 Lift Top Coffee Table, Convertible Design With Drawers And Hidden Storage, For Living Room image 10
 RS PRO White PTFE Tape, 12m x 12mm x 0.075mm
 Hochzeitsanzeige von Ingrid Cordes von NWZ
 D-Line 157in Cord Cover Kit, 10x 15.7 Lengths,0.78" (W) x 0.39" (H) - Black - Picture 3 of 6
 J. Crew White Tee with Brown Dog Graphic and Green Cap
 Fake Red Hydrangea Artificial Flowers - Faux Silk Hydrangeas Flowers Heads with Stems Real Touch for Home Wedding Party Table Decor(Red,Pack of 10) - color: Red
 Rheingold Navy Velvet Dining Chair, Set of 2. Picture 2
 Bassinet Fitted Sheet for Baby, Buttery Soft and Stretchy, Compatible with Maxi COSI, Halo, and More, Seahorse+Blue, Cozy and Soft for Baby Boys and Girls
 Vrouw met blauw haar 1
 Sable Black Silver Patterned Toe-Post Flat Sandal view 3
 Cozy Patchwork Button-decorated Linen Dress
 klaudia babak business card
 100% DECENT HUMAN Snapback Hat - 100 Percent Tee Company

-----

** PROMPT **
Which of the lines above carry the string "White"? Copy every one.

** SOLUTION **
 RS PRO White PTFE Tape, 12m x 12mm x 0.075mm
 J. Crew White Tee with Brown Dog Graphic and Green Cap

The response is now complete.